We don’t have any columns that have all of the missing observations, but we do have a lot of missing values in every dataset. Some manipulations should be performed to improve the quality of the data.

Year Analysis

Let’s produce a heatmap to check the clone amount each year. I’m going to create another dataset with the Year and Clone count. Then I will create the objects corresponding to the clones and years array. Finally, I created the matrix that represents the presence and absence of the clone in the year.

pheno2 <- pheno %>%
  count(Ano, Clone)

genmat <- model.matrix(~ -1 + Clone, data = pheno2)
envmat <- model.matrix(~ -1 + Ano, data = pheno2)
genenvmat <- t(envmat) %*% genmat
genenvmat_ch <- ifelse(genenvmat == 1, "Present", "Abscent")

Heatmap(
  genenvmat_ch,
  col = c("white", "tomato"),
  show_column_names = F,
  heatmap_legend_param = list(title = ""),
  column_title = "Genotypes",
  row_title = "Environments"
)

Version Author Date
bf7b1d3 WevertonGomesCosta 2022-11-11
rm(pheno2, genmat, envmat, genenvmat, genenvmat_ch)

From the heatmap, it is clear that the year 2016 has very few observations.

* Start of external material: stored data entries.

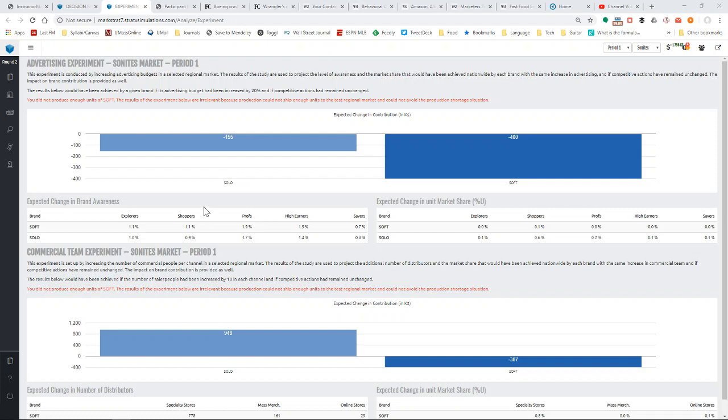So the experiments, you can purchase these in the simulation, not necessarily the greatest usage of money, but you certainly can do it.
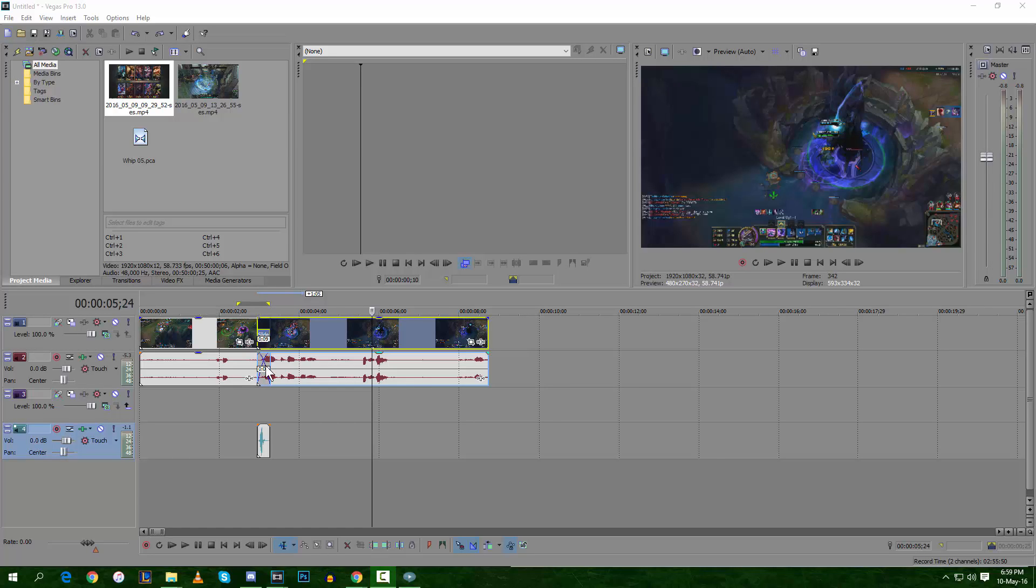What up YouTube? This is Blake and I'm going to show you a new Sony Vegas tutorial. Today's tutorial is how to do a transition.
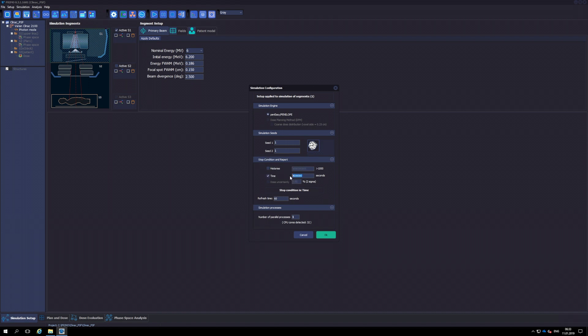Usual simulation times for Segment 1 are of the order of hours or days, depending on the statistical uncertainty desired when subsequently computing the dose. However, once the initial beam parameters that reproduce our Linac have been determined, only one long simulation of Segment 1 for tallying a sufficiently rich phase space file is required. In other words, Segment 1 is simulated once and for all.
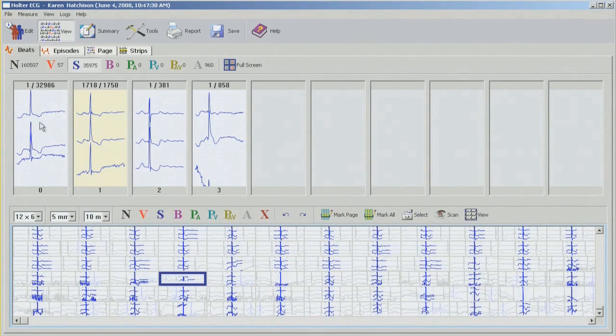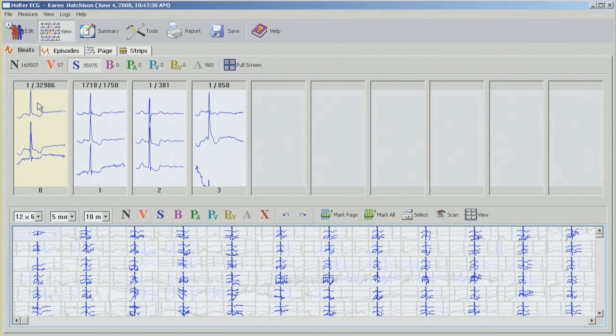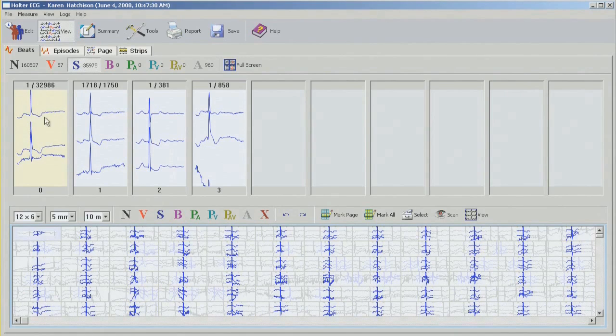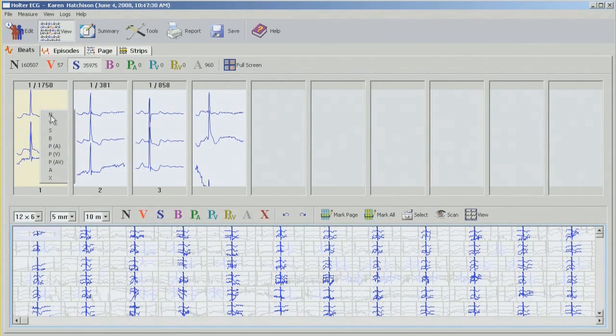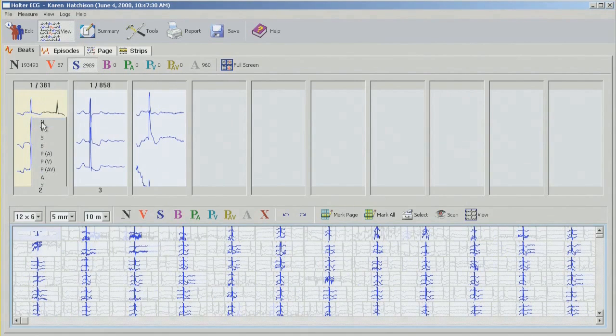I might as well start now. So all these beats, almost 33,000, are going to be changed into normal. So what I'm going to do is just while I'm in the bin, right click and change to normal. Now the second bin as well. Right click, change to normal.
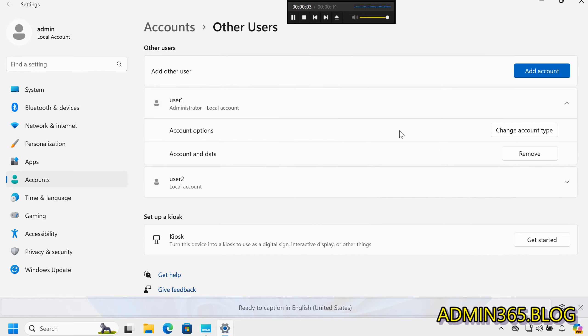By following these steps, you can easily grant administrative privileges to a user account.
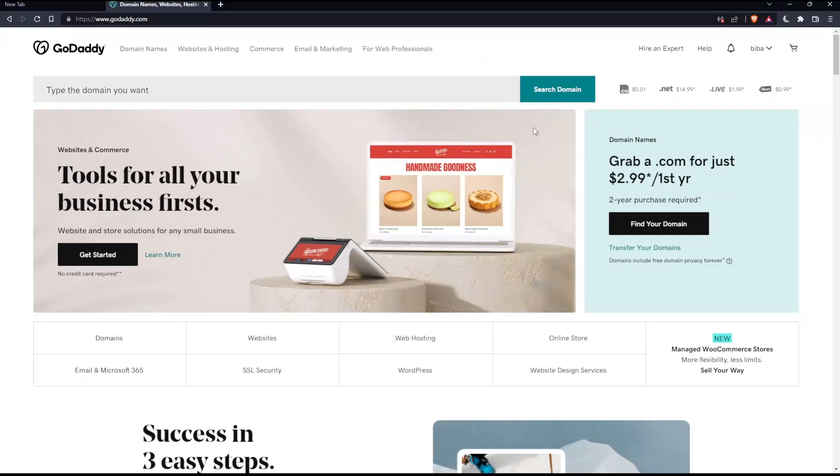As we said at the beginning of this tutorial, we want to set up email forwarding on GoDaddy. Once you're logged into your account, you'll need to sign in to your email on the Office dashboard using the GoDaddy website.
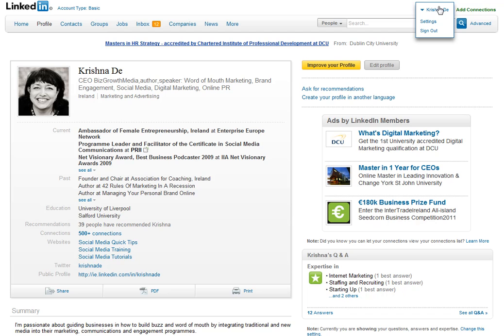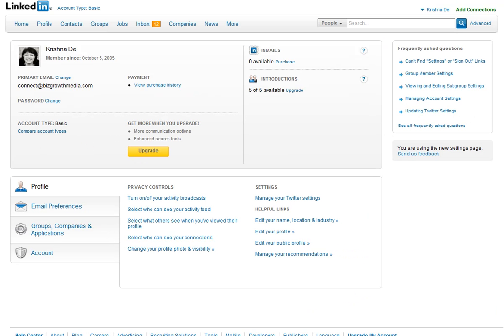Right at the top of your LinkedIn profile when you're logged in, you're going to see an area called Settings. Click on that and that's going to take you through to the privacy area. In the privacy area, you can see the area called Account.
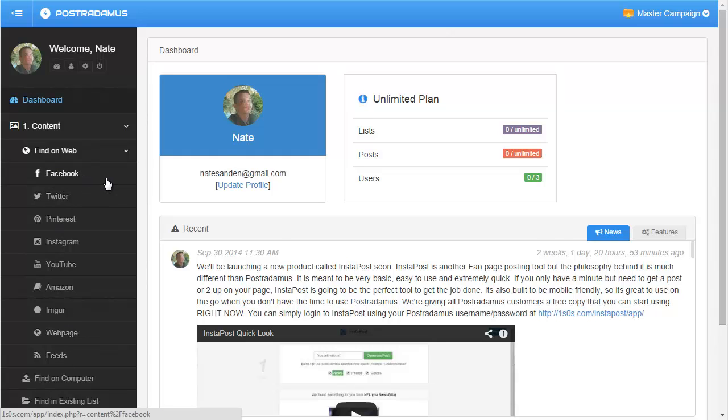We have Facebook, Twitter, Pinterest, Instagram, YouTube, Amazon, Imgur, web pages, and you can even search RSS feeds. So lots and lots of options here. We also have the ability to upload photos from our computer.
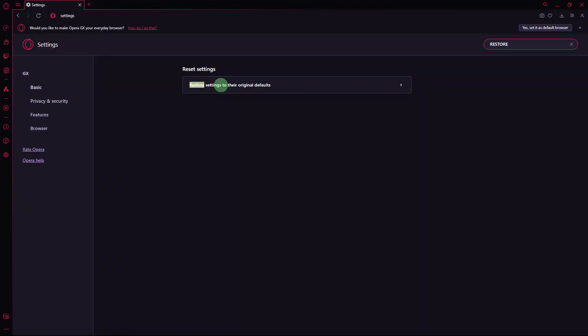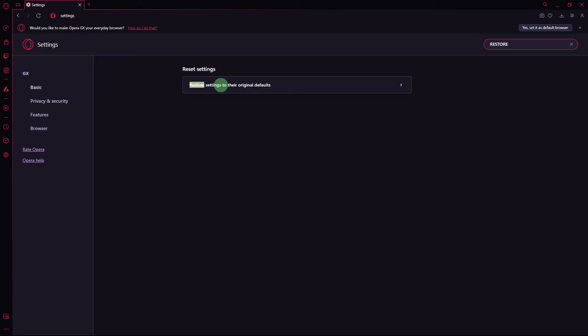Next method, if other solutions don't work, try resetting Opera GX settings to their default values. Go to Settings, search for Restore and click on Restore Settings to their original defaults.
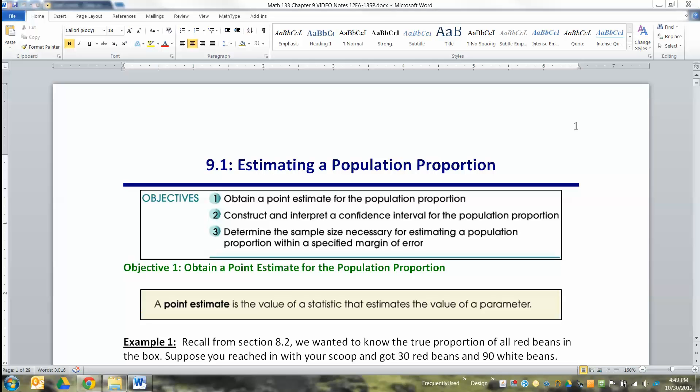We're going to start working in Chapter 9, which is all about confidence intervals. We're going to learn about confidence intervals, what they are and how they work. If you've ever heard of the words margin of error, we're going to figure out what that is. Chapter 10, we're going to do something called hypothesis testing. Chapter 11, we actually do both — confidence intervals and hypothesis testing. Chapter 9 is really the beginning, the launching-off point of inferential statistics. We're finally doing it.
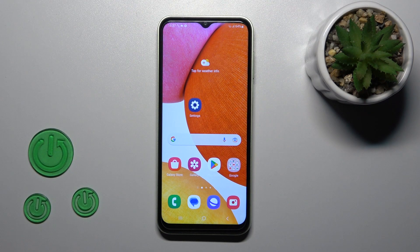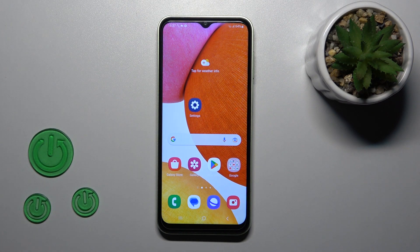Hi, today in front of me, Galaxy A14, and I'll show you how to log out from Gmail accounts on this device.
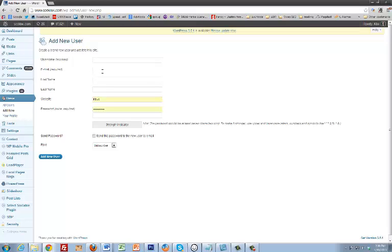Set a password, and then what you're going to want to do is select this checkbox so it sends it to me. Make sure you select Admin, and then just add new user.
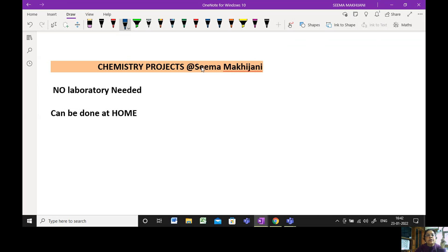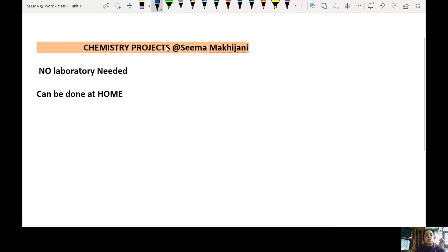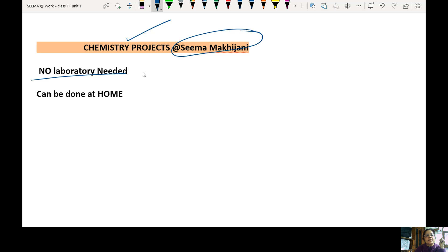In today's class I'm going to talk about the chemistry projects from my channel. You can have a look from my channel and you do not require any lab. They can be easily done from home. I would be doing three projects in three different videos. The first project is for preservation of cut flowers.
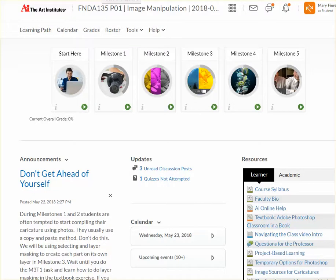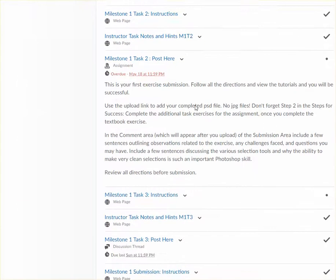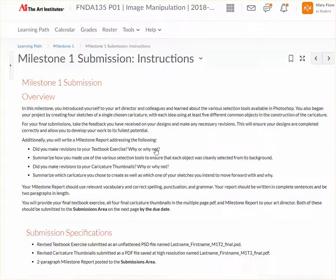For information on how to complete your milestone report, go to your milestone and go to the instructions for the milestone. Here you'll see: 'Additionally, you will write a milestone report addressing the following.' In your milestone report, address these questions and issues. For each milestone, it will be set up in a similar manner.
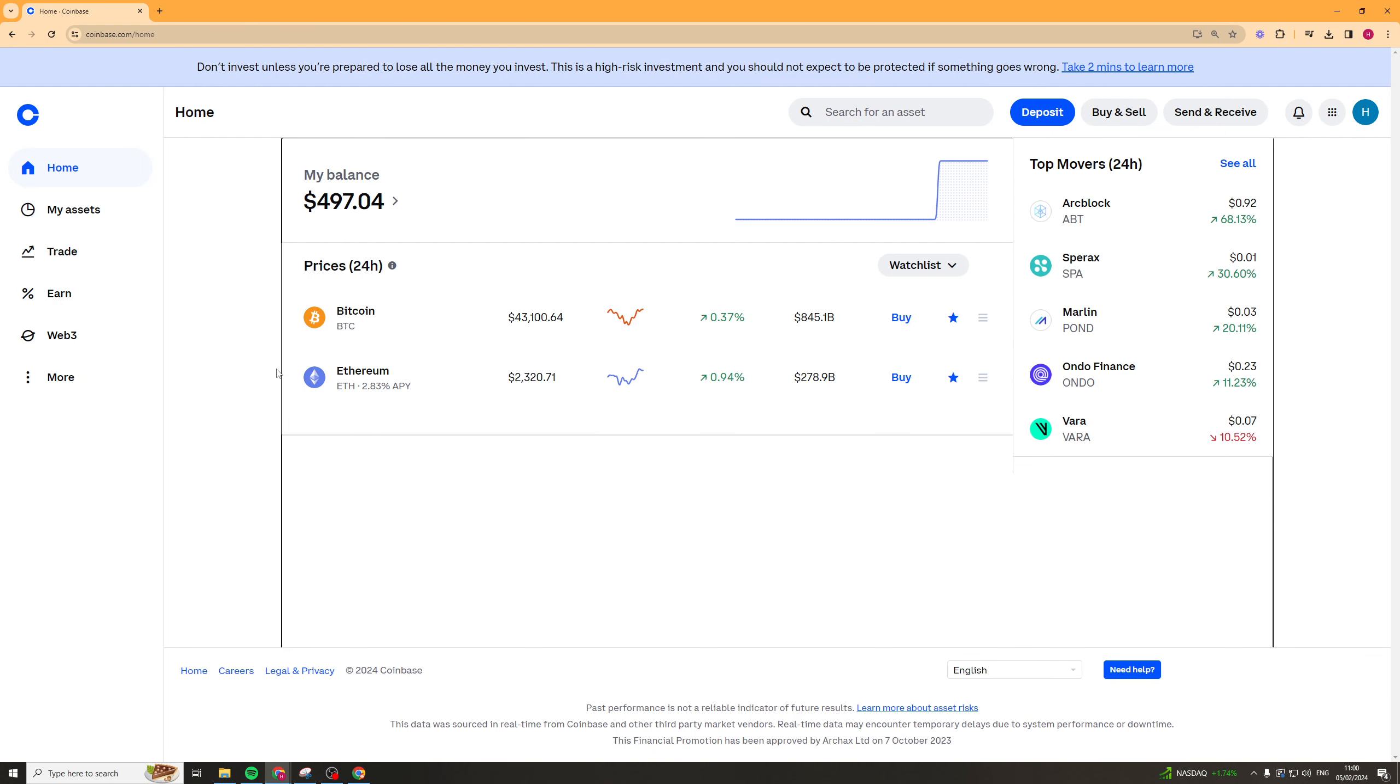First things first, we need to go ahead and jump into Coinbase. Once we've gone in here, make sure you're signed into your Coinbase account.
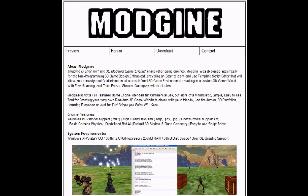This is not a full-featured game engine intended for commercial use, but more for a minimalist, simple, and easy-to-use tool for creating your very own real-time 3D game worlds to share with your friends, use for demos, portfolios.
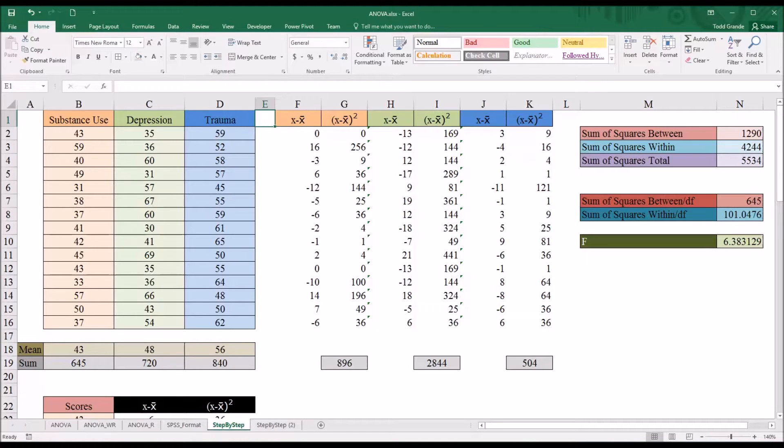Hello, this is Dr. Grande. Welcome to my video on conducting an ANOVA step-by-step using Microsoft Excel.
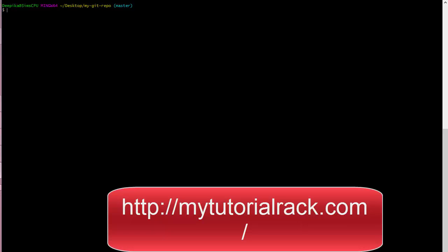Hello guys, this is Deepika from mytutorialrack.com. In the previous tutorial we created our git account, provided the username and email address. Now moving back to our repository, we have created a git repository and have an index.html file present inside, but we need to go ahead and push that particular file to the repository.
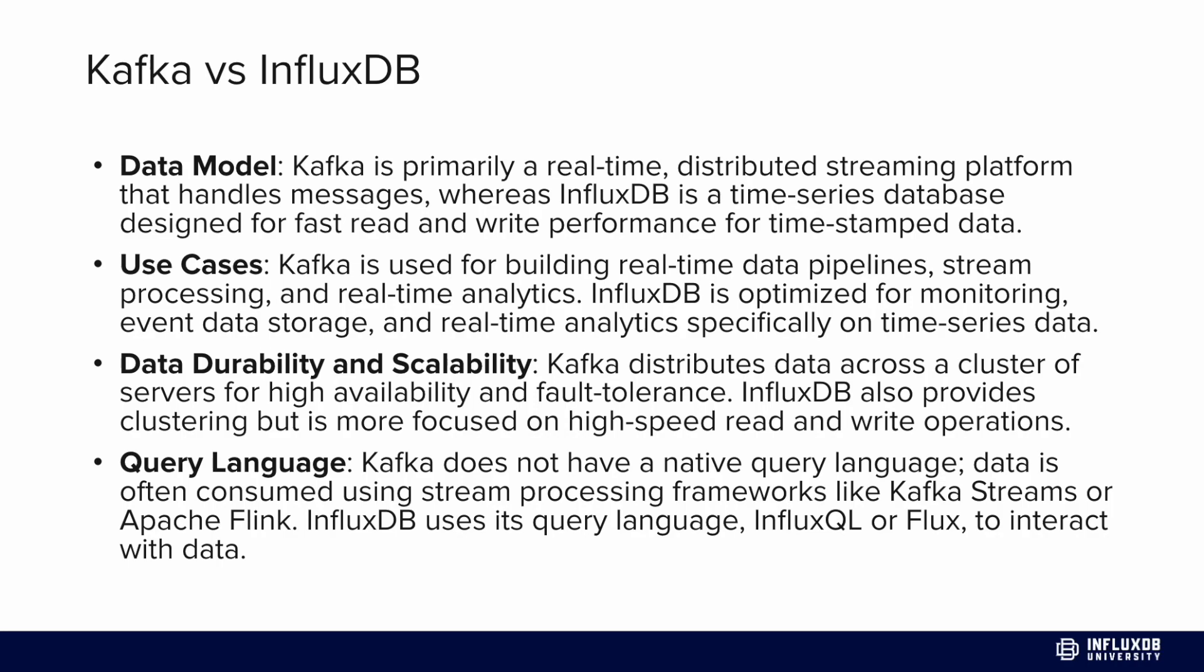Kafka is used to build real-time data pipelines, handle stream processing, and real-time analytics. InfluxDB is optimized for monitoring, event data storage, and real-time analytics specifically on time series data. You usually use Kafka with InfluxDB to manage your pipeline, do some processing so data is cleaner when it arrives in InfluxDB. Once you've accumulated data from various sources with Kafka, you can perform more complex analysis on aggregated data stored in InfluxDB long-term.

So, we must eliminate it.

pheno <- pheno %>% 
  filter(Ano != 2016) %>% 
  droplevels()

Just for reference, let’s re-view the clone heatmap by year.

pheno2<- pheno %>% 
  count(Ano, Clone)
  
genmat = model.matrix( ~ -1 + Clone, data = pheno2)
envmat = model.matrix( ~ -1 + Ano, data = pheno2)
genenvmat = t(envmat) %*% genmat
genenvmat_ch = ifelse(genenvmat == 1, "Present", "Abscent")

Heatmap(
  genenvmat_ch,
  col = c("white", "tomato"),
  show_column_names = F,
  heatmap_legend_param = list(title = ""),
  column_title = "Genotypes",
  row_title = "Environments"
)

Version Author Date
bf7b1d3 WevertonGomesCosta 2022-11-11
rm(pheno2, genmat, envmat, genenvmat, genenvmat_ch)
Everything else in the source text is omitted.